The problem for Scottish universities is not to be obligated to provide employment for large numbers of European academics, excellently qualified as most are, but who largely cannot find employment (or on so favourable terms as) in their homelands. It is for Scottish universities to staff themselves from the by and large now legion of the cream of Scottish graduates and alumni/ae whom they have been churning out over the years.

Where has all this Scottish talent gone and why is it not being exploited and tempted back? From my experience many decamp after graduation to the old “Empire” – Canada, Australia and especially the United States, where employment is easier, prospects brighter and conditions and salaries far superior to those prevailing here.

The situation as regards staffing the Scottish universities is thus much the same as for the British NHS. What is to be deplored is not the loss of opportunity for EU and other aspirants but the lack of opportunity and prospects for home-grown talent.
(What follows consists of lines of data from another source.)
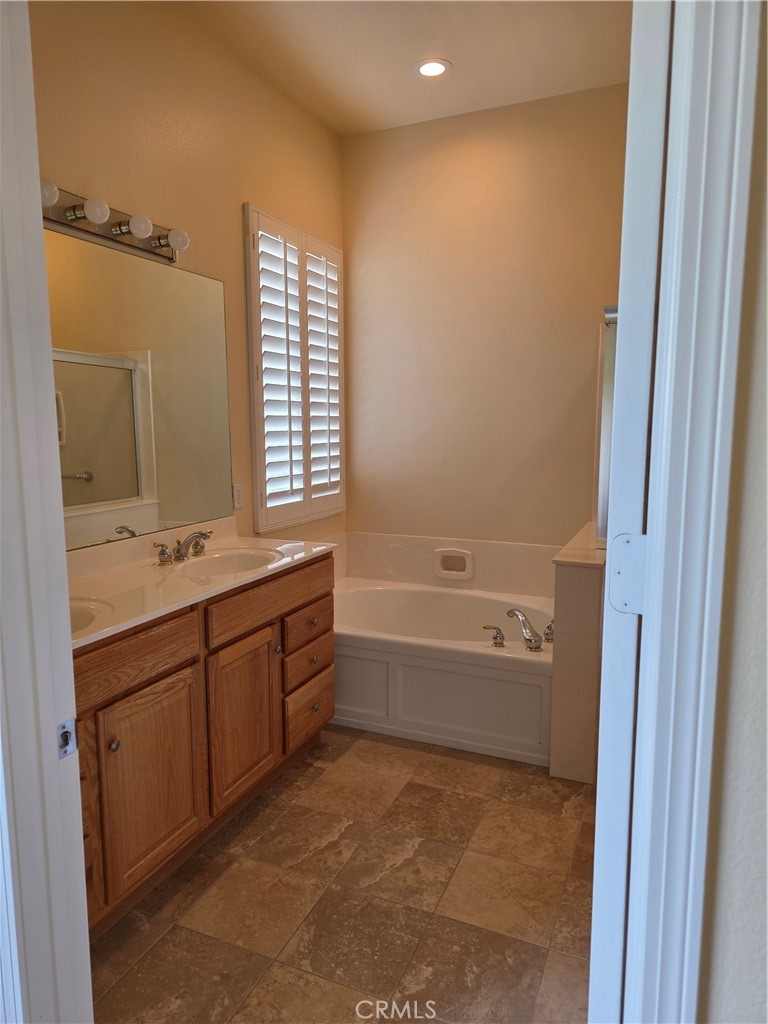 924 Brentwood Road Beaumont, CA 92223 - Photo 25 of 41 a bathroom with a tub sink and mirror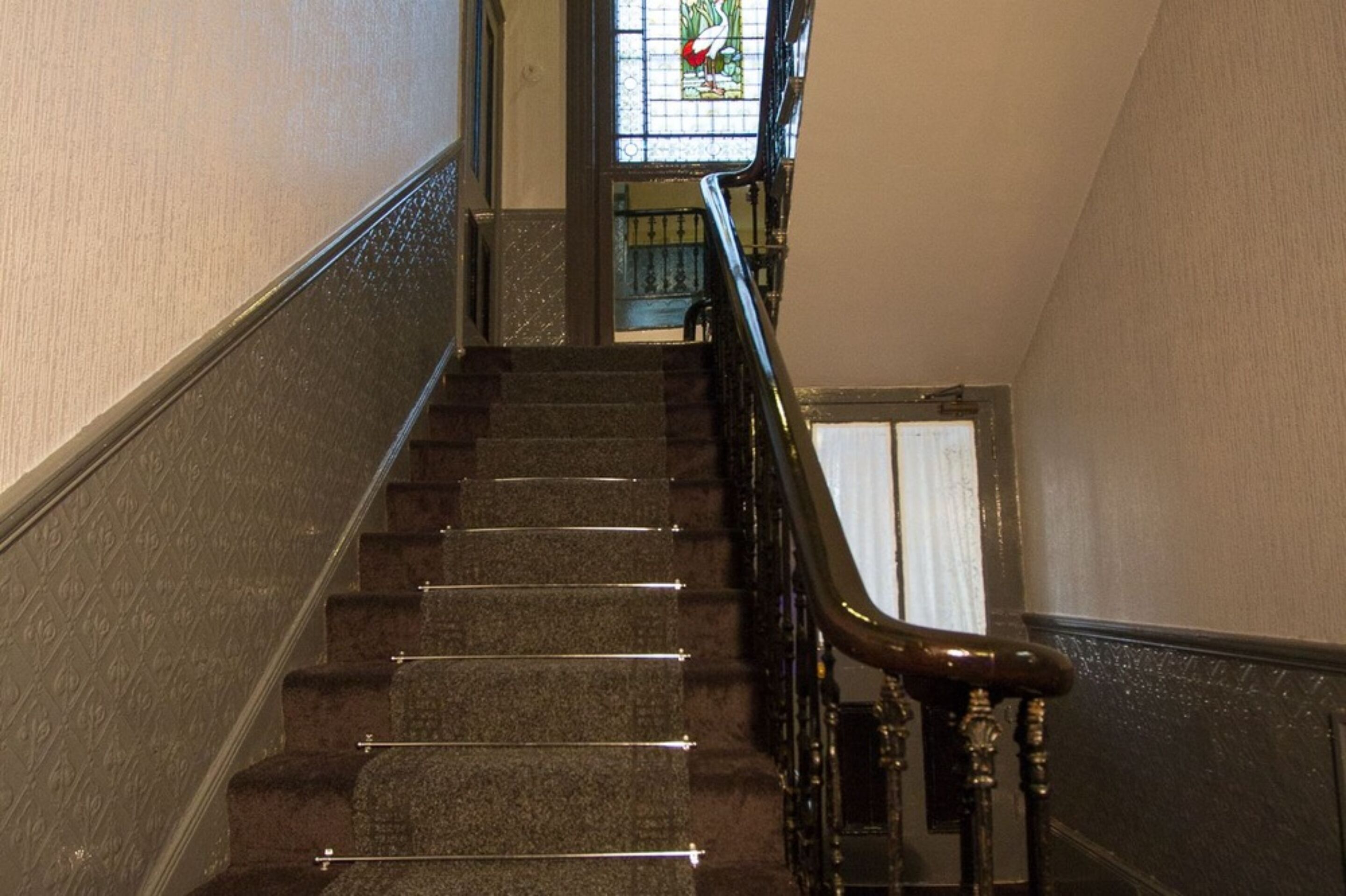 A staircase with a handrail and a glass door at the top.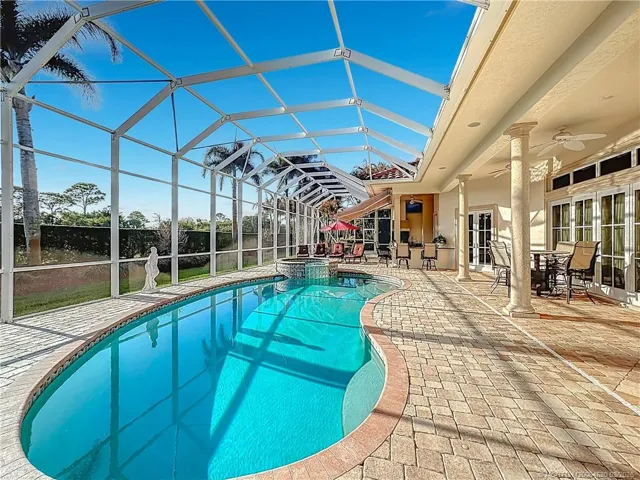 Let's take a splash in the hot tub and heated pool area. Relax with a beverage in your bar are and summer kitchen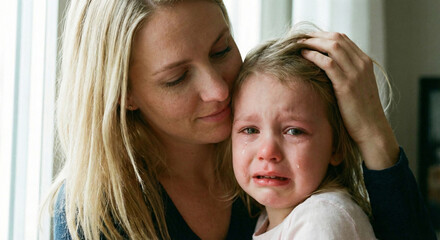 Mother comforting and hugging her crying daughter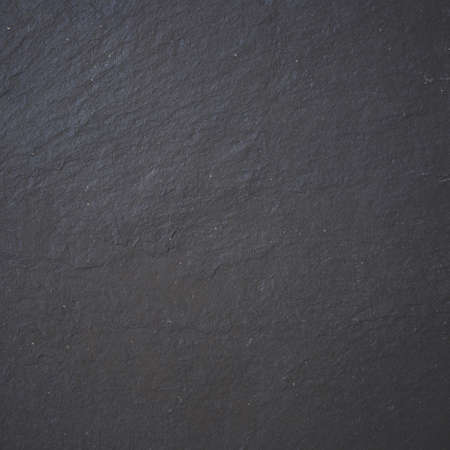 Black stone background texture. Top view on a solid embossed surface. Copy spaceの写真素材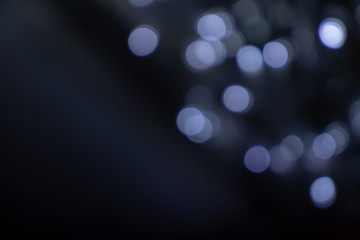 Blurred defocused silver, white and blue bright light, shiny spots bokeh background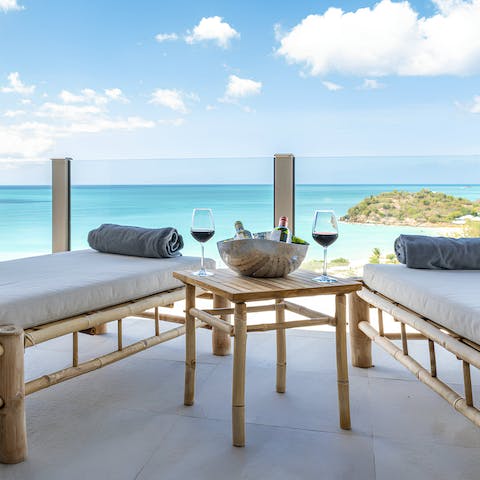 Enjoy a glass of wine while taking in the views of the Caribbean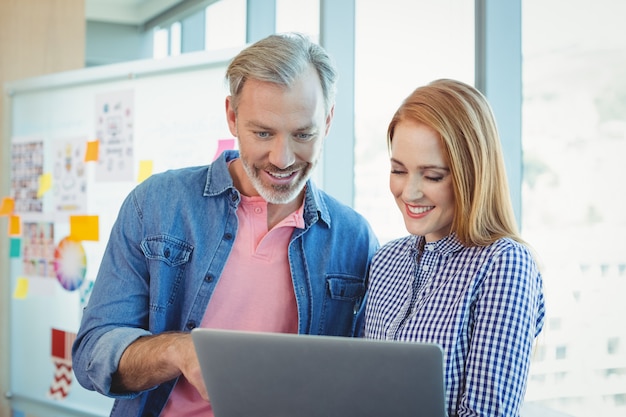 Executivos de negócios masculinos e femininos usando laptop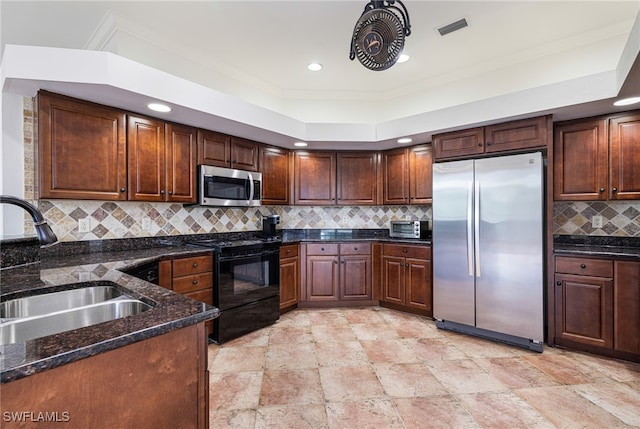 kitchen with crown molding, stainless steel appliances, sink, and decorative backsplash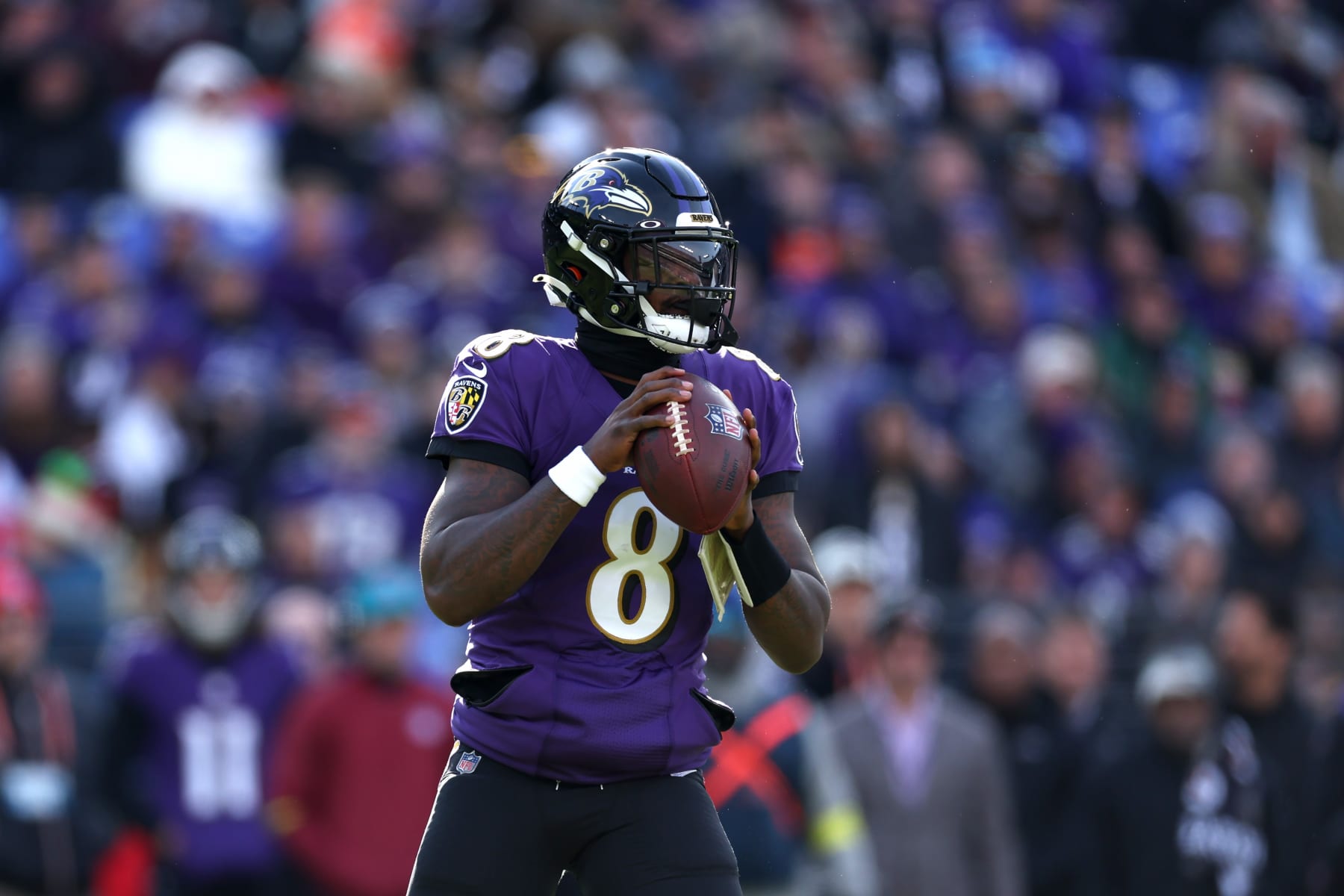BALTIMORE, MARYLAND - DECEMBER 04: Quarterback Lamar Jackson #8 of the Baltimore Ravens drops back to pass against the Denver Broncos at M&T Bank Stadium on December 04, 2022 in Baltimore, Maryland. (Photo by Rob Carr/Getty Images)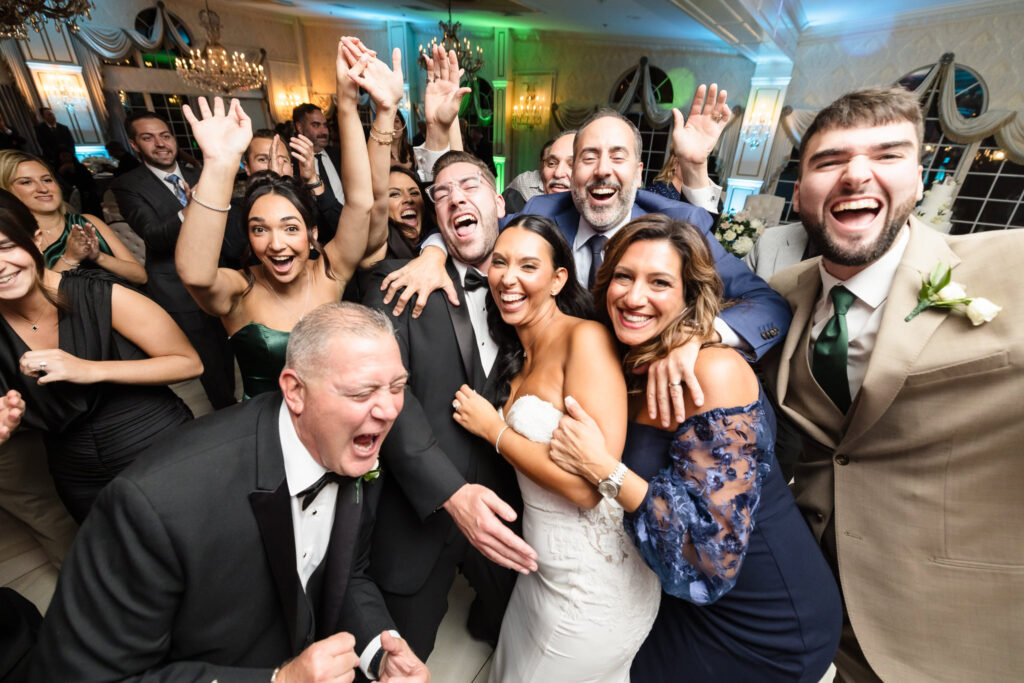Bride and groom celebrating on the dance floor surrounded by joyful guests during their wedding reception at Giorgio’s Baiting Hollow.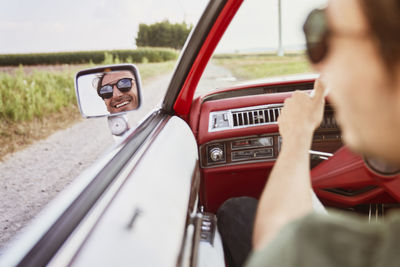 Man driving car on road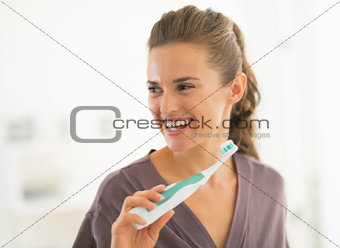 Happy young woman brushing teeth in bathroom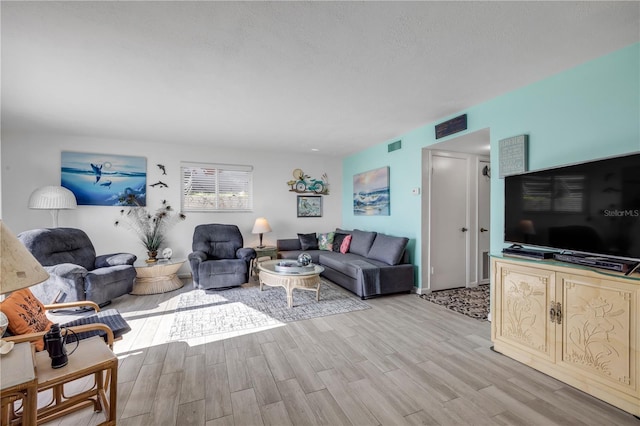 1404 N Atlantic Ave Unit 70, Daytona Beach, FL 32118 - living room with light wood-type flooring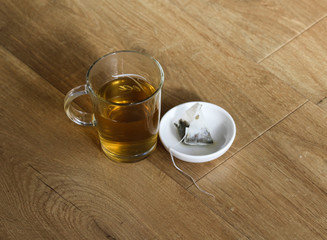 Glass of green tea with tea bag on wooden background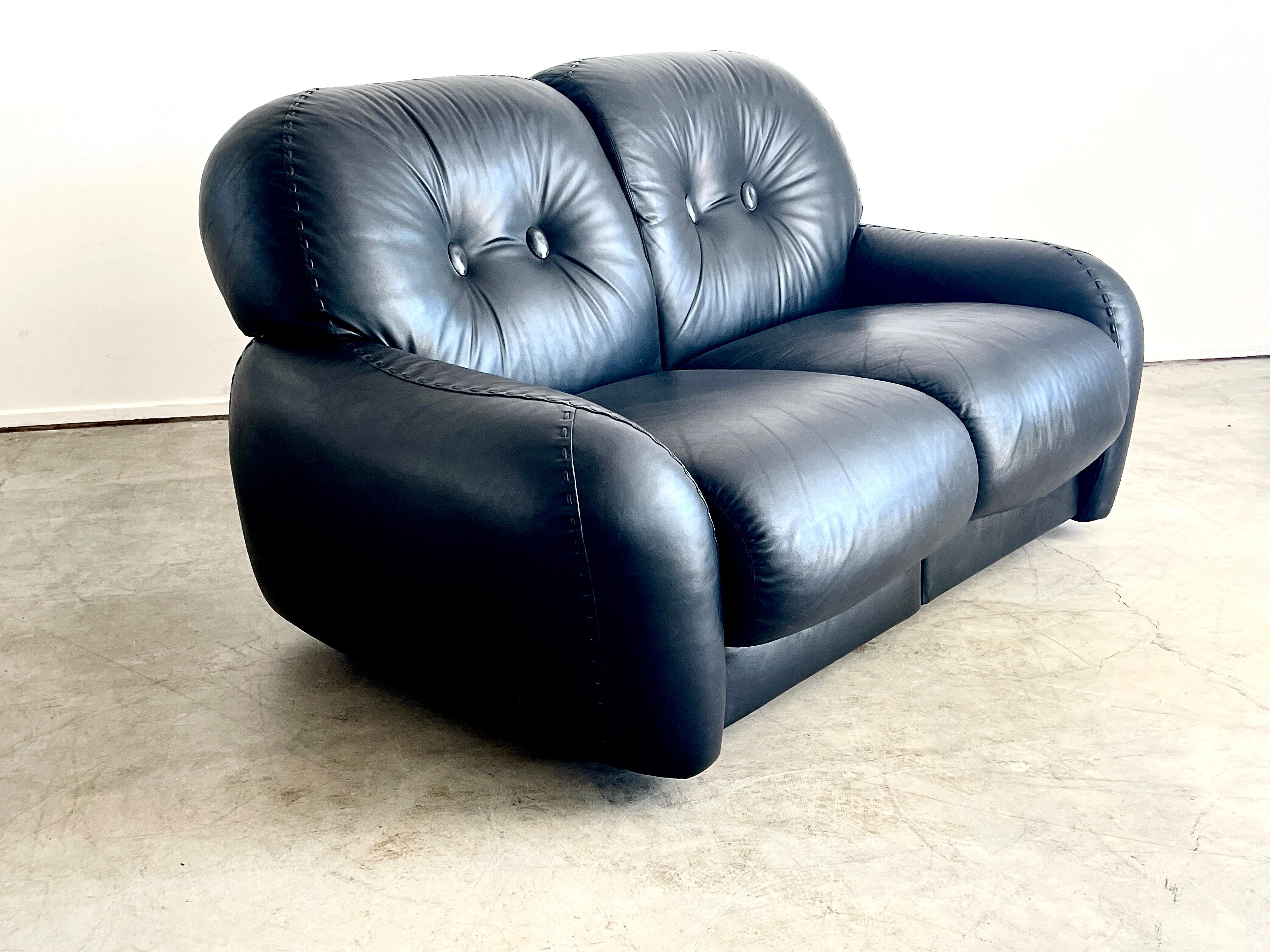 Italian leather settee by ADRIANO PIAZZESI, circa 1960's.
Part of a set with matching 4 seat sofa and pair of club chairs with ottoman.
 (sold separately) 
Great original black leather with 2 seats that have a feature that slightly reclines each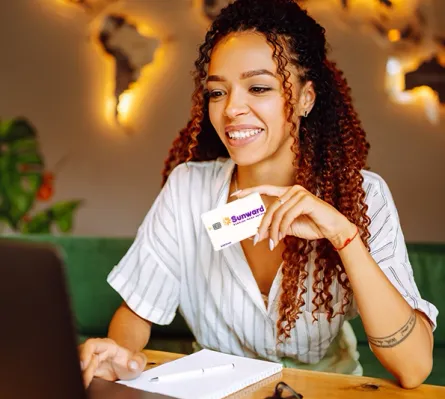 A woman with a laptop holding a Sunward Visa Platinum Rebate Credit Card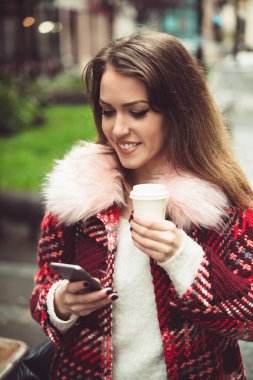 Kahve street, cep telefonuyla mesaj üzerinde yürüme ile moda güzel genç kadın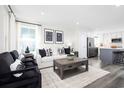 Open living room with white sofa, black chairs, and a coffee table at 2740 Rowyn St., Longs, SC 29568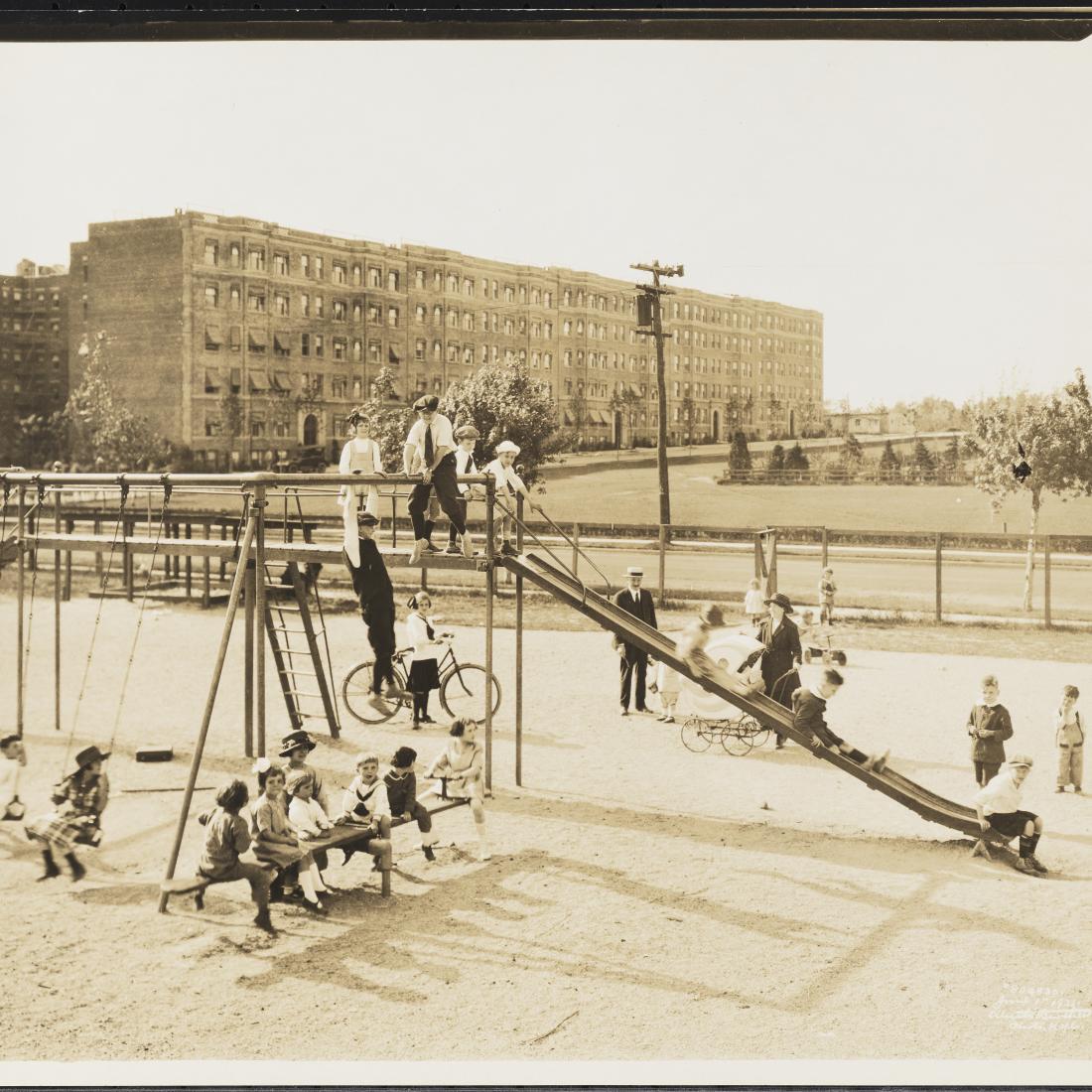 A black-and-white photograph from 1921 showing multiple children playing on a playground with swings, a slide, and a seesaw. Behind the playground is a street and apartment buildings.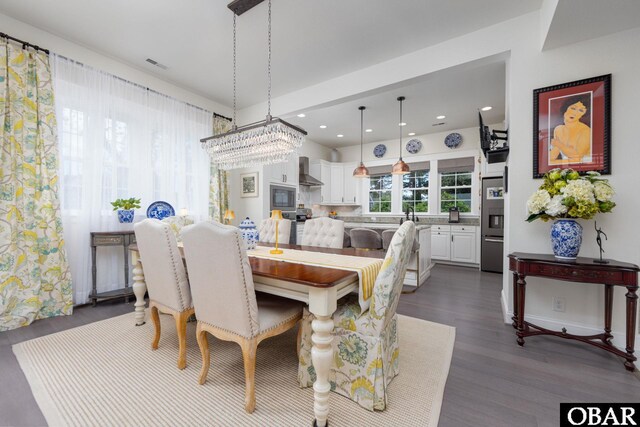 504 Lord Essex Ave, Manteo, NC 27954 - dining space featuring visible vents, recessed lighting, dark wood finished floors, and a chandelier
Let the politicians, including Ms Wishart, direct their efforts to solving that particular challenge if they are truly concerned about the future academic life and prosperity of their country and leave political point-scoring aside.

Darrell Desbrow, Dalbeattie.

ACCORDING to Nicola Sturgeon and many of the SNP correspondents in this newspaper we Scots are now (conveniently) devoted Europeans and wish to turn our backs on the “little Englanders”, the US and the Commonwealth. Also the fact we would have been out of the EU if we had voted Yes in 2014 is now to be “airbrushed” out of history by the SNP lest it spoils its narrative about being “dragged out” out of the EU by rUK.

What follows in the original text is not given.